#### Problem:
Please return the lines from the one with "Bel Air diner" through the end of the listing below, word for word, with every picture left out.

--

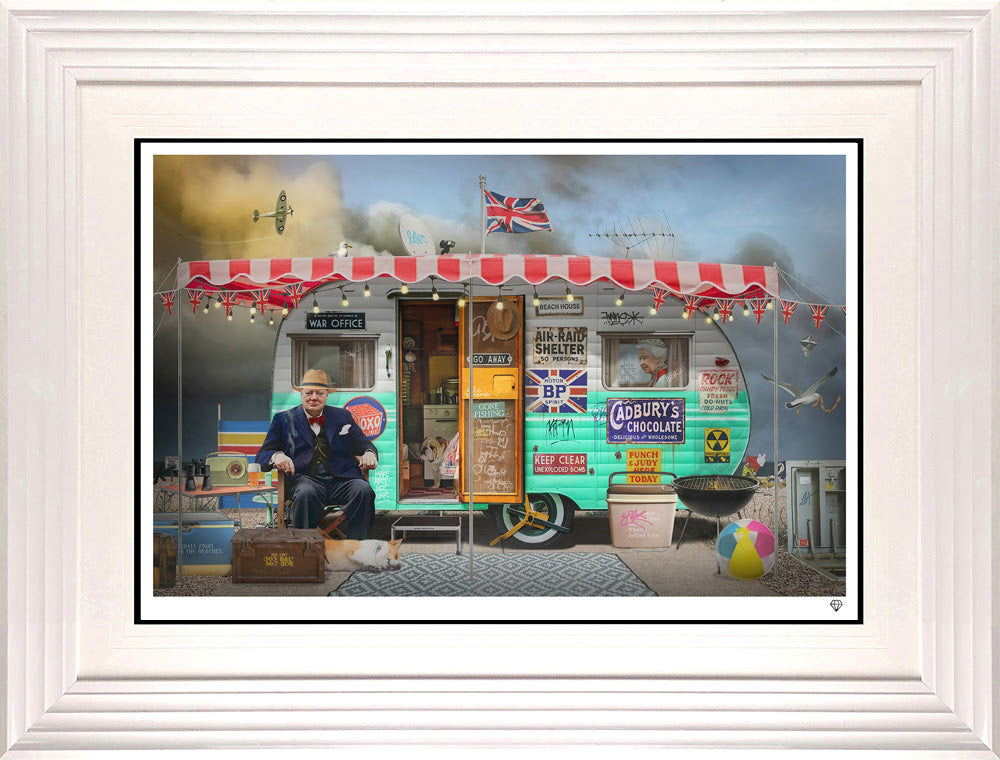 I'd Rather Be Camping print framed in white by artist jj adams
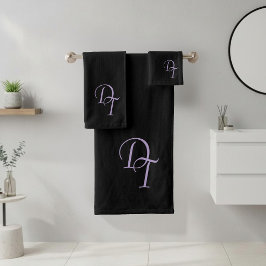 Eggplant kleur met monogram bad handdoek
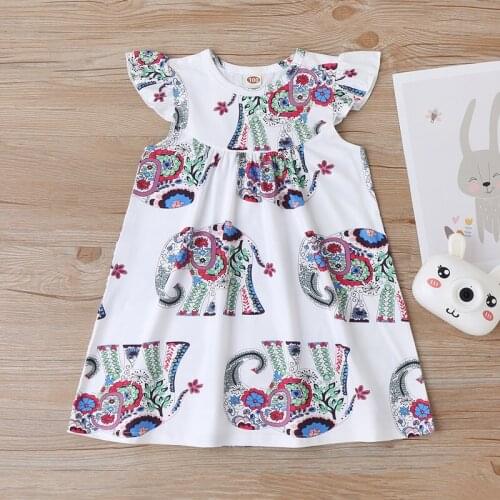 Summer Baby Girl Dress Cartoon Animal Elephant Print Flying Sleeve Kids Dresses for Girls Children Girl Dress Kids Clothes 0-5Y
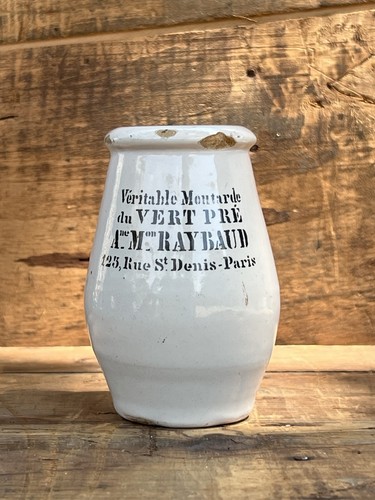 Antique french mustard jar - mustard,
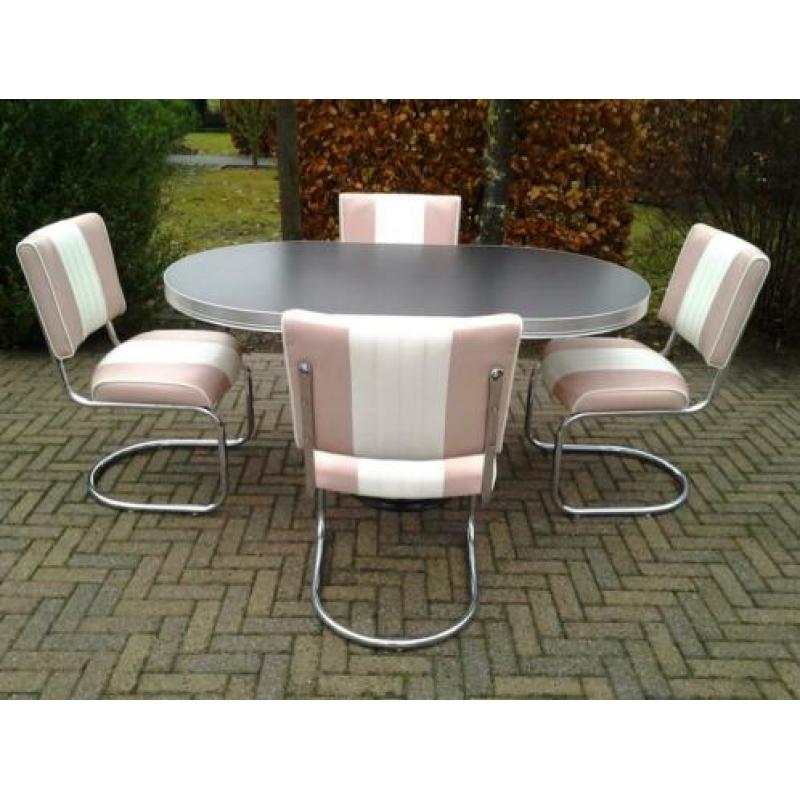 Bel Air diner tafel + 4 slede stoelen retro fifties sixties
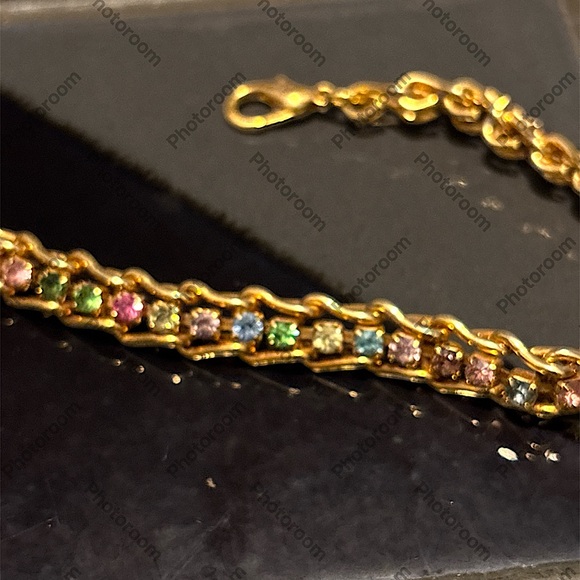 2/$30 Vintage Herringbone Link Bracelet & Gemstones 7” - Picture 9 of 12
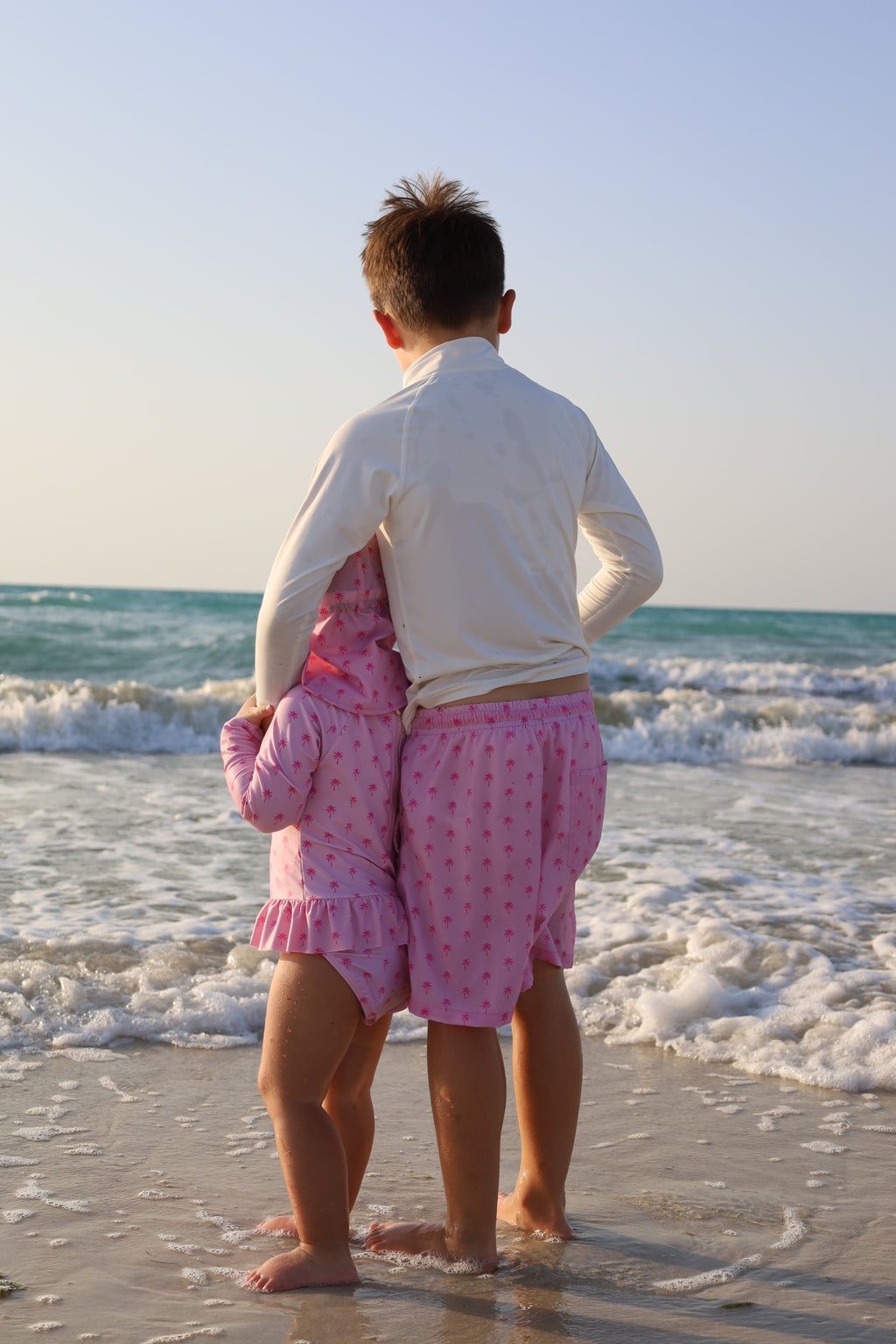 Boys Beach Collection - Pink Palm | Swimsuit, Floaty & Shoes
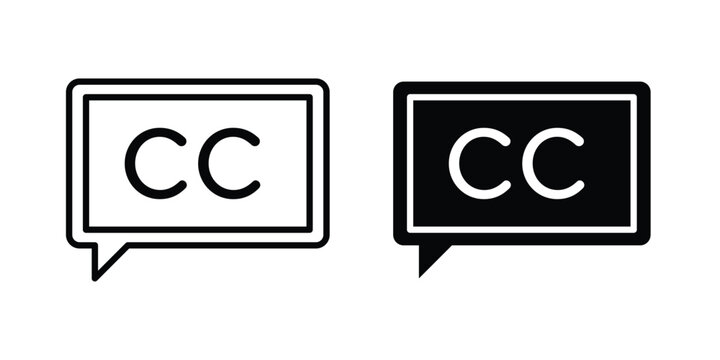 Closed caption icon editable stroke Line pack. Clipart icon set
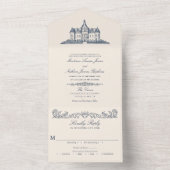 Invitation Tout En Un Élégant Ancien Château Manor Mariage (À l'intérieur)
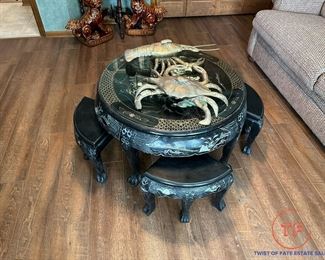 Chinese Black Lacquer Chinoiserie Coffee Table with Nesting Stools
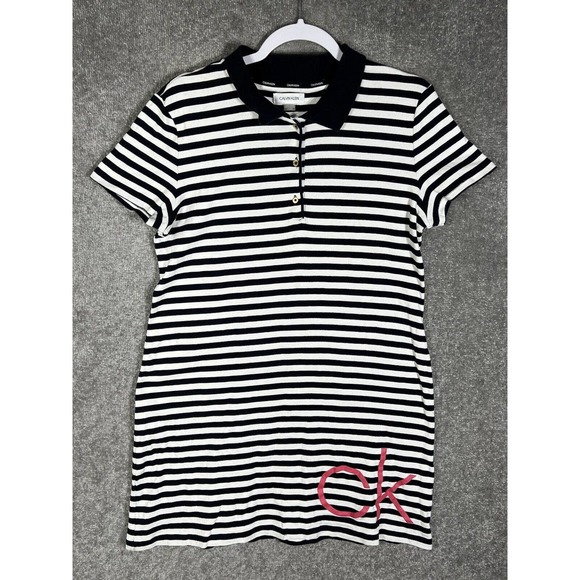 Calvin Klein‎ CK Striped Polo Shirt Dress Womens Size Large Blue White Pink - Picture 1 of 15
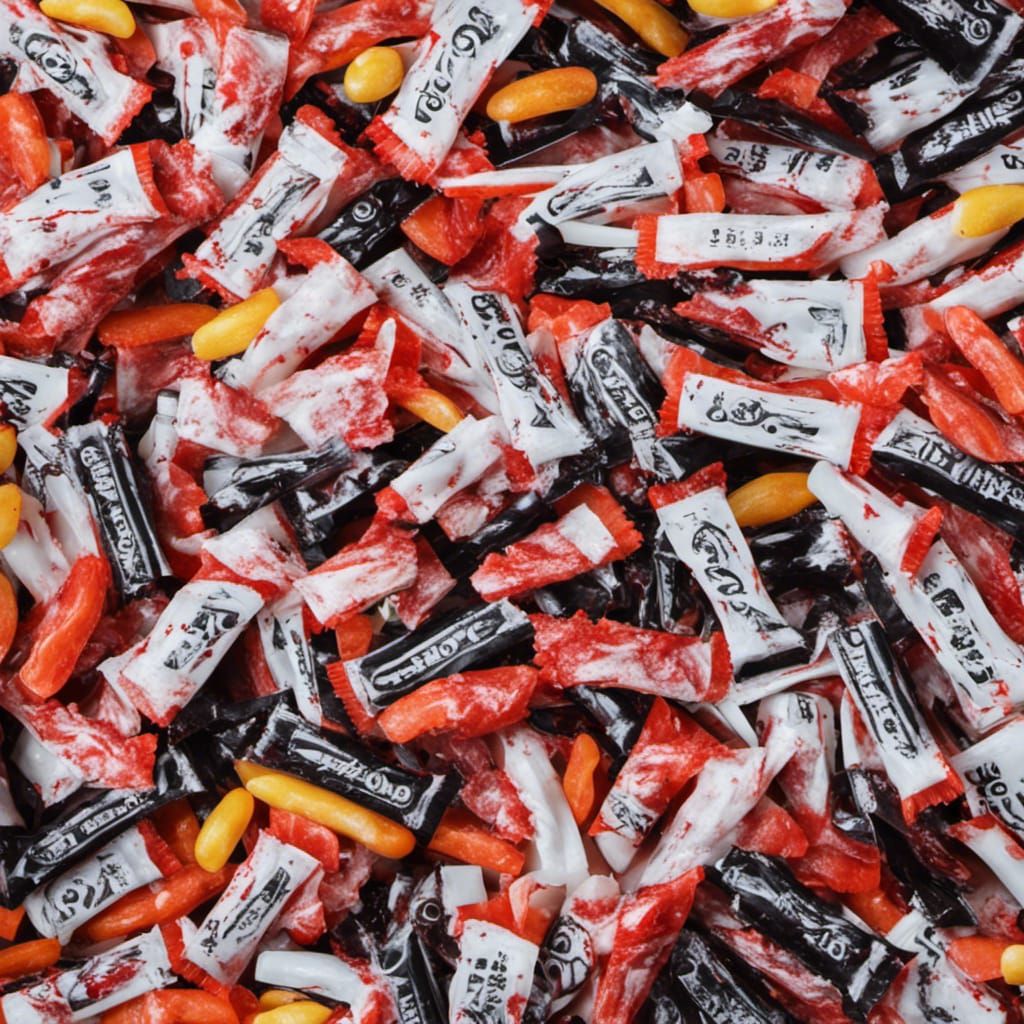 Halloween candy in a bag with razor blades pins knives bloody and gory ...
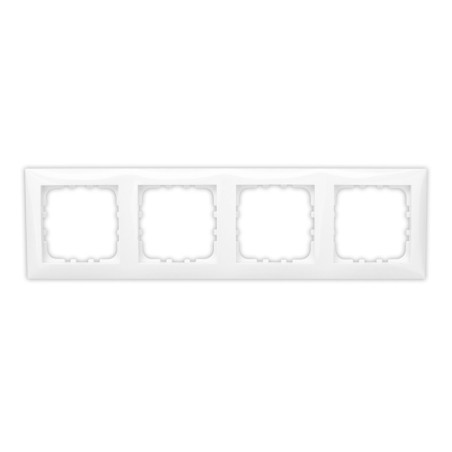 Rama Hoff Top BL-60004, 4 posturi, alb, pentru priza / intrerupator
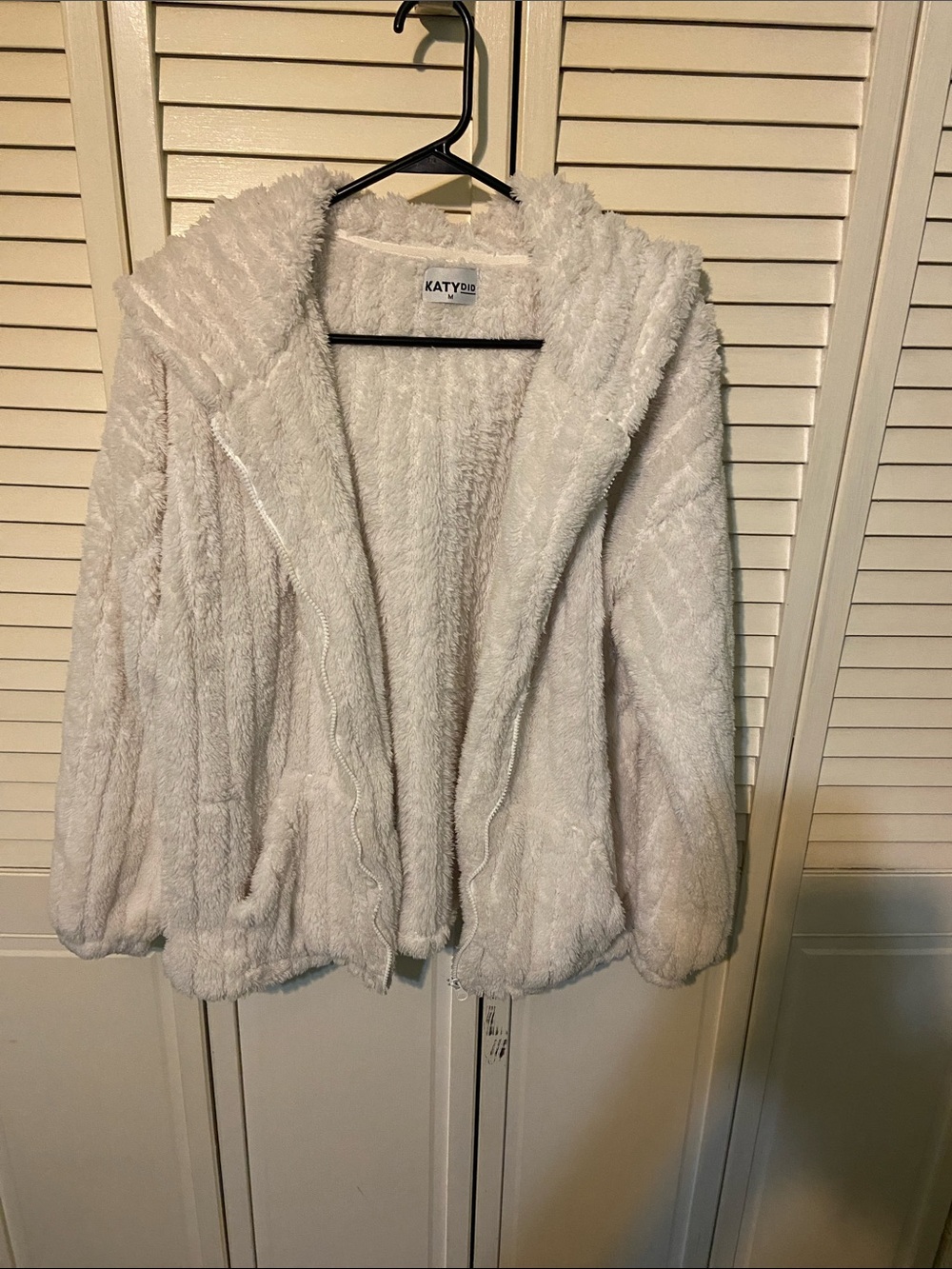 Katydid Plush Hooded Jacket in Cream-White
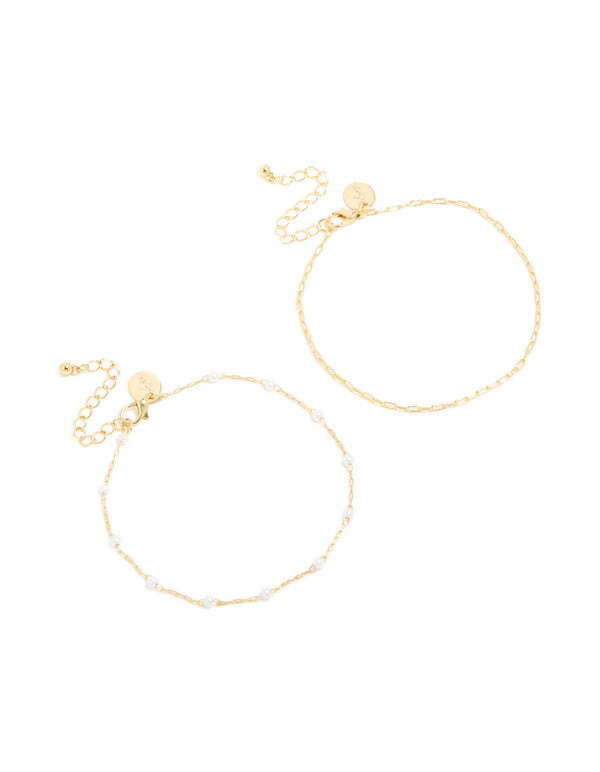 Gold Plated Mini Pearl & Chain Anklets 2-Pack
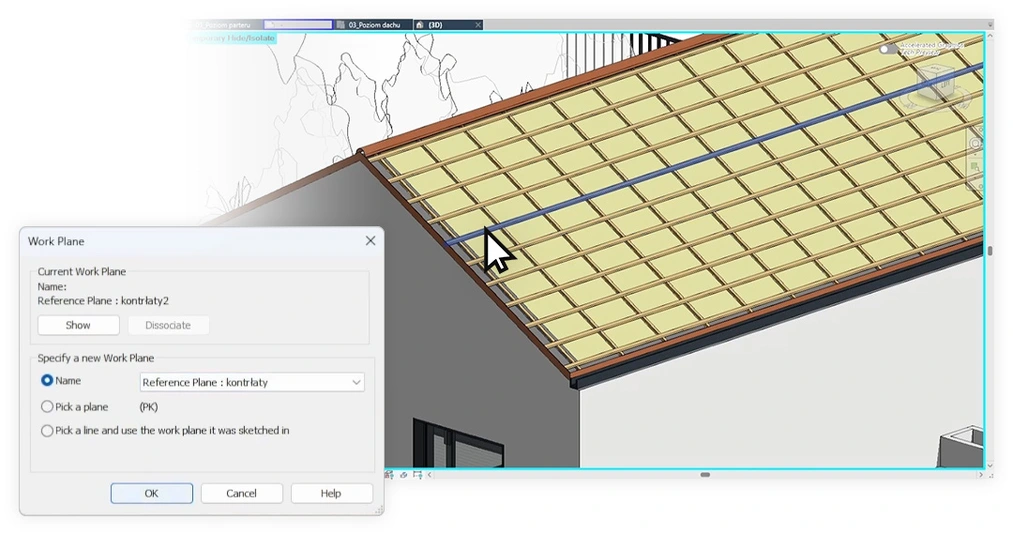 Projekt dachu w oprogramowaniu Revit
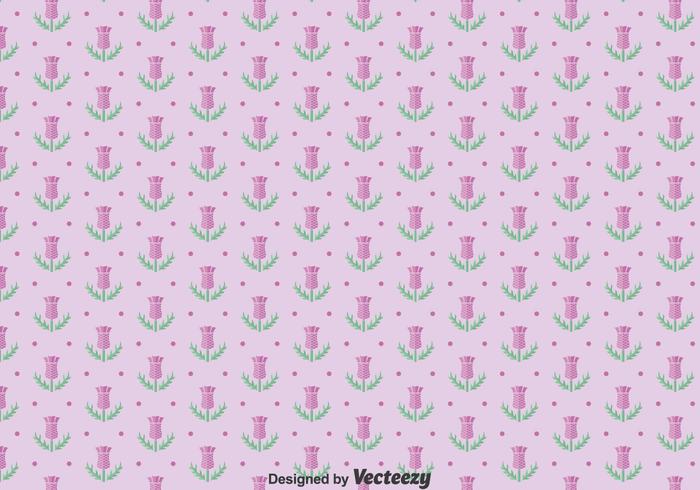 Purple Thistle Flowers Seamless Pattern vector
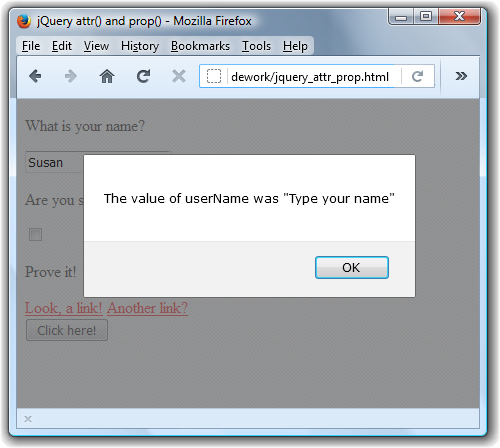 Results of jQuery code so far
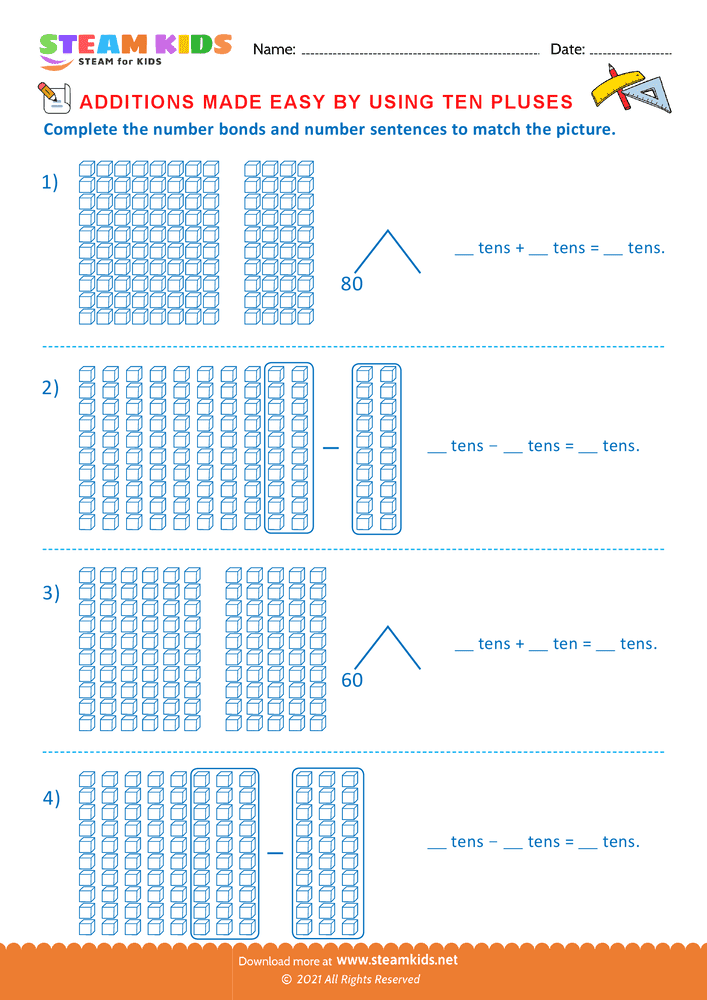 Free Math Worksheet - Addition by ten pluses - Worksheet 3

--

#### Result of this exercise:
 Bel Air diner tafel + 4 slede stoelen retro fifties sixties
 2/$30 Vintage Herringbone Link Bracelet & Gemstones 7” - Picture 9 of 12
 Boys Beach Collection - Pink Palm | Swimsuit, Floaty & Shoes
 Closed caption icon editable stroke Line pack. Clipart icon set
 Invitation Tout En Un Élégant Ancien Château Manor Mariage (À l'intérieur)
 Chinese Black Lacquer Chinoiserie Coffee Table with Nesting Stools
 Calvin Klein‎ CK Striped Polo Shirt Dress Womens Size Large Blue White Pink - Picture 1 of 15
 Halloween candy in a bag with razor blades pins knives bloody and gory ...
 Rama Hoff Top BL-60004, 4 posturi, alb, pentru priza / intrerupator
 Katydid Plush Hooded Jacket in Cream-White
 Gold Plated Mini Pearl & Chain Anklets 2-Pack
 Projekt dachu w oprogramowaniu Revit
 Purple Thistle Flowers Seamless Pattern vector
 Results of jQuery code so far
 Free Math Worksheet - Addition by ten pluses - Worksheet 3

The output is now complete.